Task item:
Only the lines of the data below from the one with "Collsants Small Crossbody" through the one with "Messino Black Lace One-Piece Swimsuit" are wanted. Repeat them exactly.

Supplied material:
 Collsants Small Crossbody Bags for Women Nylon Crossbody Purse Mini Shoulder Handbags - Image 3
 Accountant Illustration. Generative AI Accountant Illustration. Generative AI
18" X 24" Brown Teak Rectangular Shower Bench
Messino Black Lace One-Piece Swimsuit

...

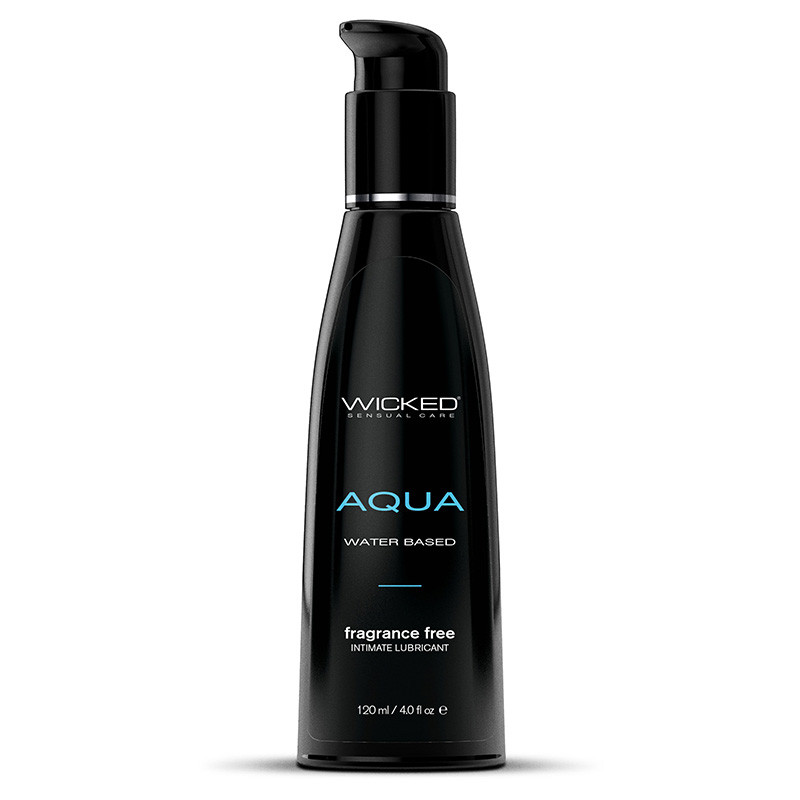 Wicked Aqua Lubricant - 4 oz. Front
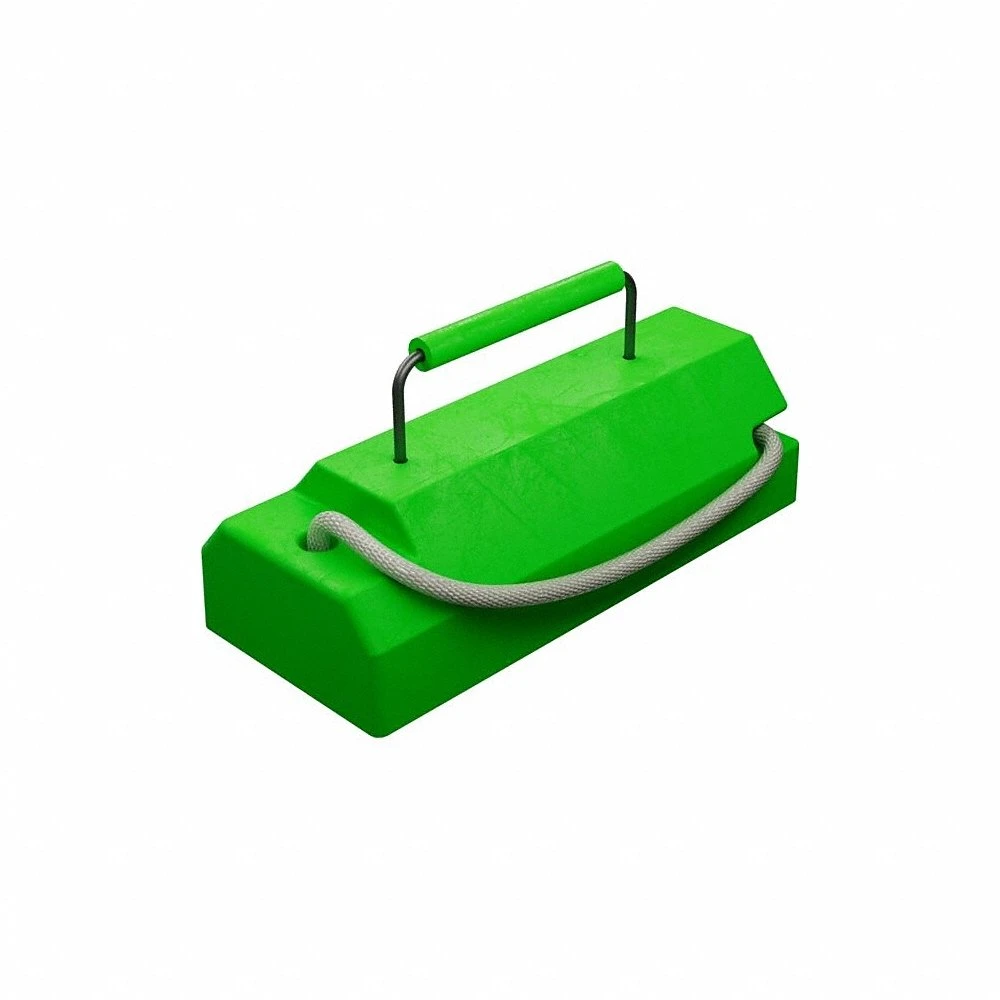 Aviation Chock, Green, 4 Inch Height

* * *

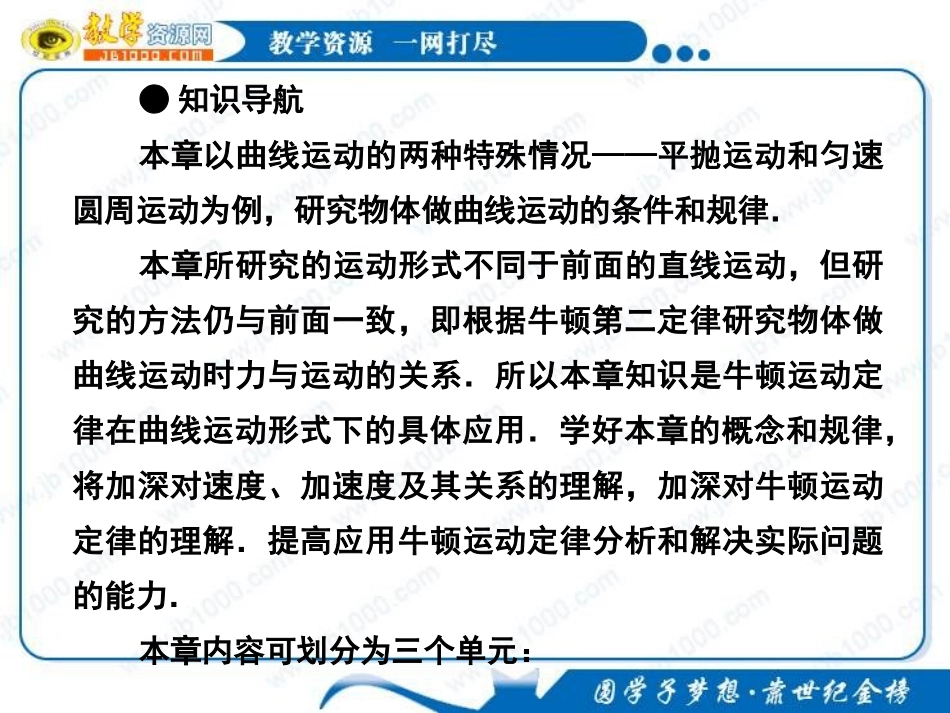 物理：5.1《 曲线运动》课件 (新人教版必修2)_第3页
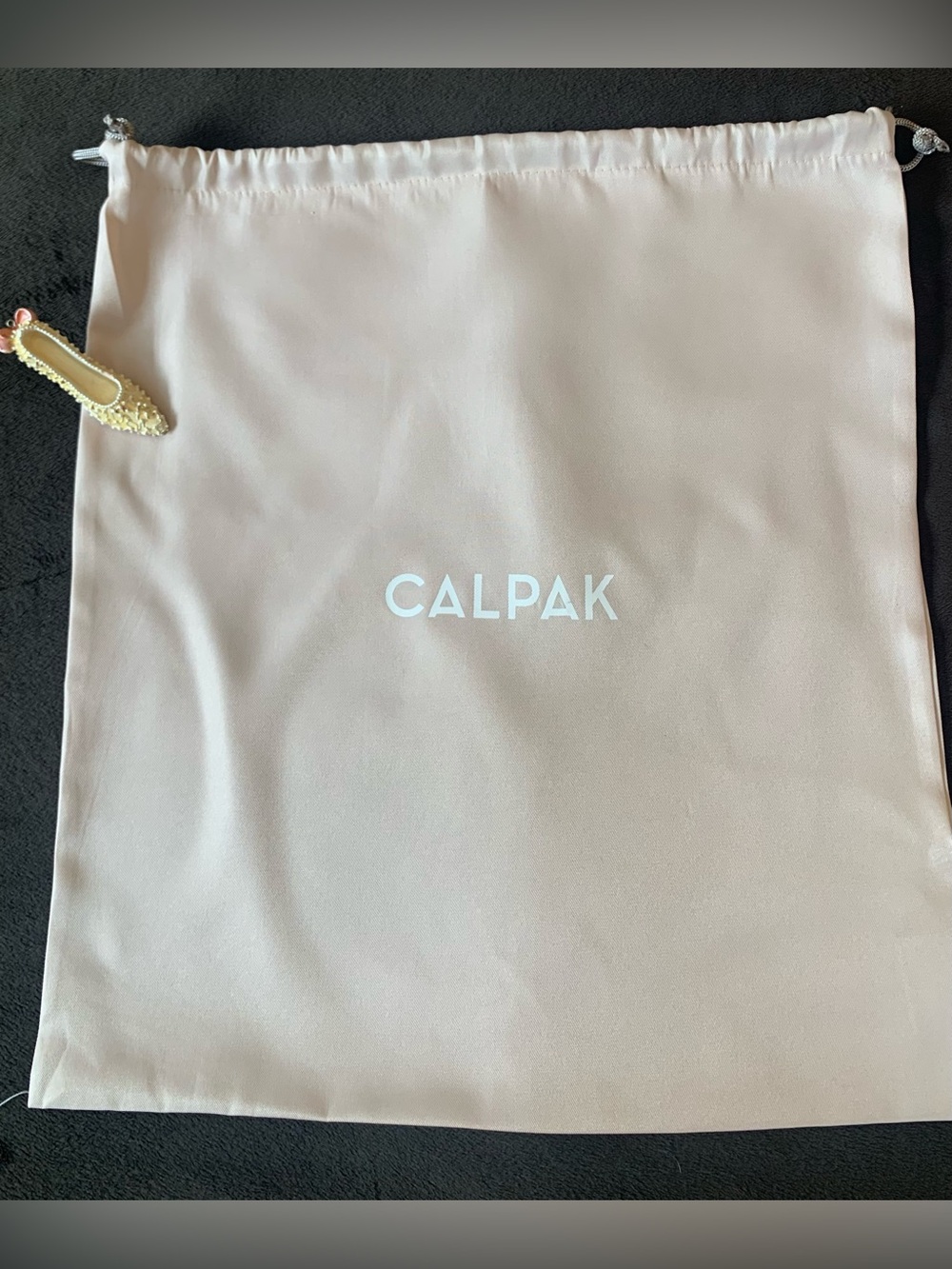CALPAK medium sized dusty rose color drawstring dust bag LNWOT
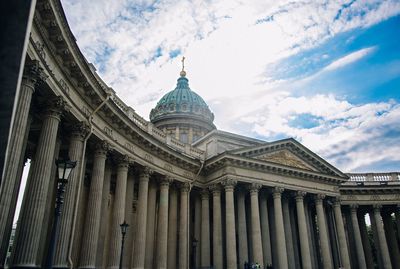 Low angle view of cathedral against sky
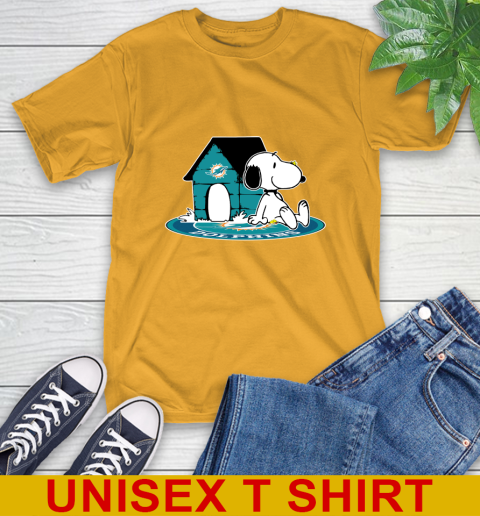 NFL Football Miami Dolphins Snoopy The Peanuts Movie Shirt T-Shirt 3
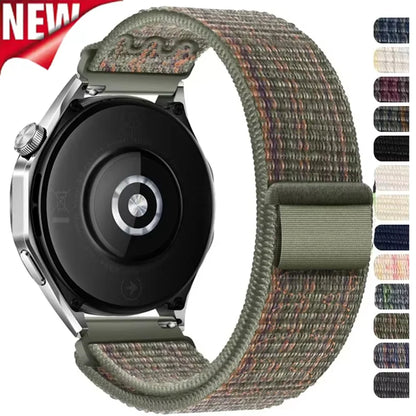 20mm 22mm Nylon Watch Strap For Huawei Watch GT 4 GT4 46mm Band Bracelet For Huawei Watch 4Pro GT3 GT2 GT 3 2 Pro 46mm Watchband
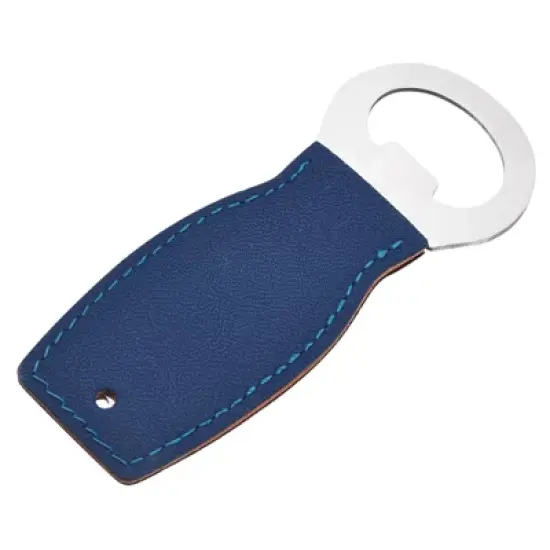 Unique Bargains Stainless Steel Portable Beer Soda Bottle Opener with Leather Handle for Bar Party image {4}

Response to this exercise:
 Collsants Small Crossbody Bags for Women Nylon Crossbody Purse Mini Shoulder Handbags - Image 3
 Accountant Illustration. Generative AI Accountant Illustration. Generative AI
18" X 24" Brown Teak Rectangular Shower Bench
Messino Black Lace One-Piece Swimsuit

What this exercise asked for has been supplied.